Geologie. – Mag auch Hollywood gerade in einem Special-Effects-Reißer eine Rettungsmission ins Innere der Erde geschickt haben - sich zum Erdkern aus glühender Lava vorzuarbeiten, wird wohl ein unerfüllbarer Traum bleiben. Nur an einigen Stellen auf unserem Planeten gibt es Kanäle zwischen dem Erdinneren und der Kruste, der Oberfläche: Vulkane erlauben einen indirekten Blick ins Innere. Von speziellem Interesse sind dabei Lavaseen. Von denen gibt es weltweit nur drei, die permanent aktiv sind. Einer davon, Erta Ale genannt, befindet sich im Norden Äthiopiens. Seit langem wissen die Forscher, daß an diesem Ort ein so genannter Hot Spot vorliegt: eine bedeutende thermische Anomalie, die vom Erdinneren ausgeht. Eine heiße Stelle, die von den Kontinentalplatten am Ausbruch gehindert wird. Ende März nun hat eine französisch-italienische Forschungsmission, unter Leitung des CNRS und des Pariser Instituts für Geophysik, zehn Tage lang Erta Ale studiert.

    Von Suzanne Krause

    Erta Ale bedeutet: rauchender Berg. Und der äthiopische Vulkan mit seinem kraterförmigen Lavasee, auf einer Bergkette inmitten von salzüberkrusteten Ebenen angesiedelt, macht seinem Namen alle Ehre. Der erste Eindruck ist überwältigend, beschreibt Eric Humler, Leiter der wissenschaftlichen Mission:

    Wir sind bei der Ankunft mit dem Helikopter über den Lavasee geflogen und haben ihn von weit oben gesehen. Er stößt eine enorme, dicke Rauchwolke aus, die die ganze Gegend überzieht. Das ist sehr beeindruckend, man befindet sich mitten in der Wüste, es ist heiß, trocken und dann überall diese Rauchschwaden. Diese Gasausstöße haben mich sehr überrascht. Von Zeit zu Zeit gingen wahre Wolken von Schwefel und Chlor auf uns nieder. Nachts beispielsweise, da wurden wir im Camp dann hustend wach. Außerdem macht der Vulkan ganz schön Krach. Und nachts erhellt er die Wolken am Himmel mit einem glühend-roten Schein, ein fantastischer Anblick.

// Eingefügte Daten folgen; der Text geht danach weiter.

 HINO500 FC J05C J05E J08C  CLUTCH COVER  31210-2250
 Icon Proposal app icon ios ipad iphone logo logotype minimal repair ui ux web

    Im Vulkansee variieren die Temperaturen zwischen 400 und bis zu 1.200 Grad. Erstaunlicherweise strahlt diese Hitze nicht sehr weit ab. Mit unterschiedlichen Untersuchungsprogrammen gingen die Forscher Erta Ale auf den Grund: sie entnahmen Gesteinsproben in nächster Nähe des Vulkans, um die chemische Zusammensetzung dieser seit langem abgekühlten Lavaschichten zu bestimmen. Sie zapften ihm Gasproben ab fürs Labor. Sie zeichneten den Krach der Gasblasen auf, die an der Seeoberfläche zerplatzen, das erlaubt Rückschlüsse über die Tiefe und Größe des Vulkansees. Und sie führten, eine Premiere, geophysikalische Messungen durch. Humler:

    Wir pflanzten Seismometer rund um den Vulkan auf , um die Bodenbewegungen, die kleinen Erdstöße zu messen. Während der 10 Tage unserer Mission dort gelang es uns, um die 20 Erdstöße zu registrieren, zwei davon spürten wir am eigenen Leib. Dank dieser Aufzeichnungen können wir nun im Computer ein dreidimensionales Bild des so genannten Magma-Reservoirs unterhalb des Vulkansees erstellen. Herausfinden, ob es sich um eine kleine oder um eine große Magma-Tasche handelt.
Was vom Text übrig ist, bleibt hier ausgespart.